## PROBLEM TO SOLVE
Return the lines of the material below exactly, beginning with the line that has "DRKAT Swivel Vanity" in it and finishing with the line that has "A BOX OF CERAMIC" in it. Leave all pictures aside.

## DATA EXTRACTS
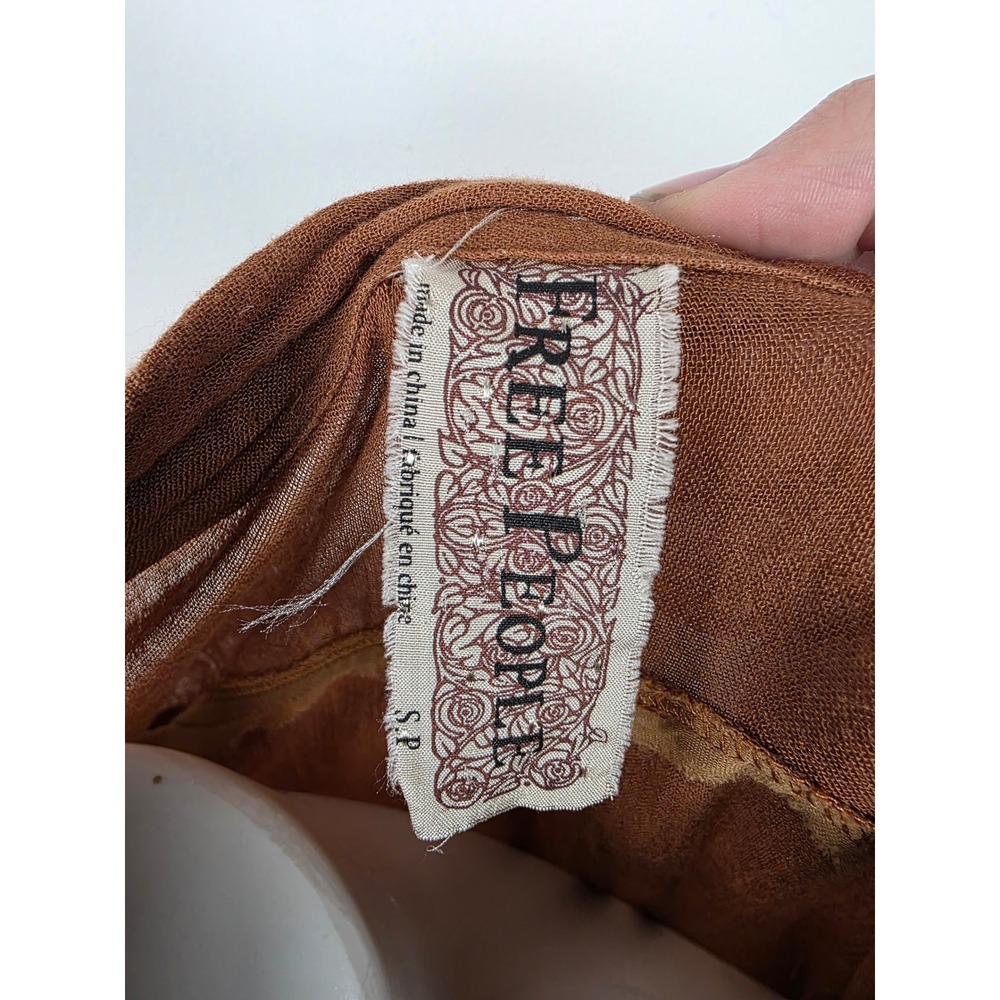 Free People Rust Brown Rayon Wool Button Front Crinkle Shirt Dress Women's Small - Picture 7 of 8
==
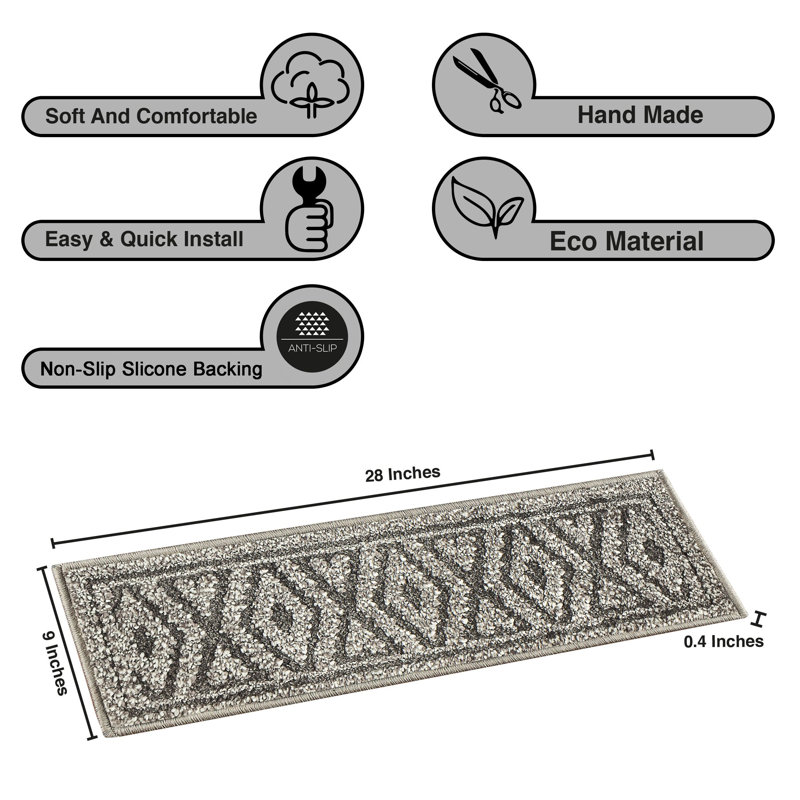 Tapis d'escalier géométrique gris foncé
---
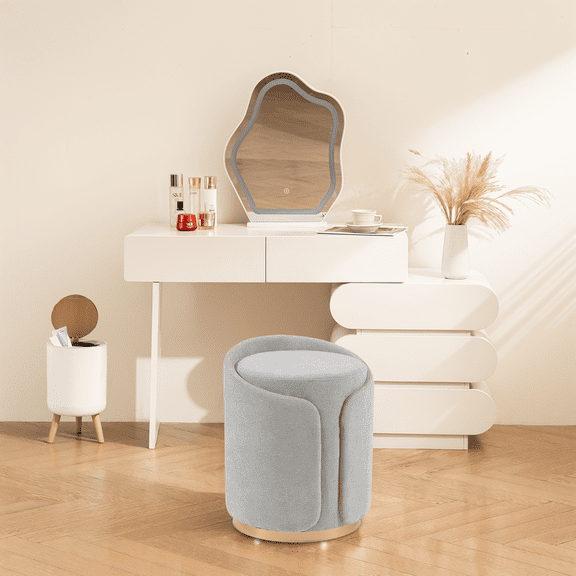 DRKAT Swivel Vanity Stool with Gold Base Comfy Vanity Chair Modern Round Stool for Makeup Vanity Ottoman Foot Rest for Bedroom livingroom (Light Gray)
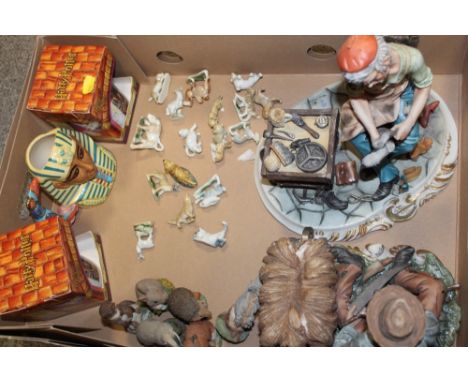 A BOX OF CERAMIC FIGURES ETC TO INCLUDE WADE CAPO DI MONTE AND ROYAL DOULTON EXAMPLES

## COMPLETED EXERCISE
 DRKAT Swivel Vanity Stool with Gold Base Comfy Vanity Chair Modern Round Stool for Makeup Vanity Ottoman Foot Rest for Bedroom livingroom (Light Gray)
 A BOX OF CERAMIC FIGURES ETC TO INCLUDE WADE CAPO DI MONTE AND ROYAL DOULTON EXAMPLES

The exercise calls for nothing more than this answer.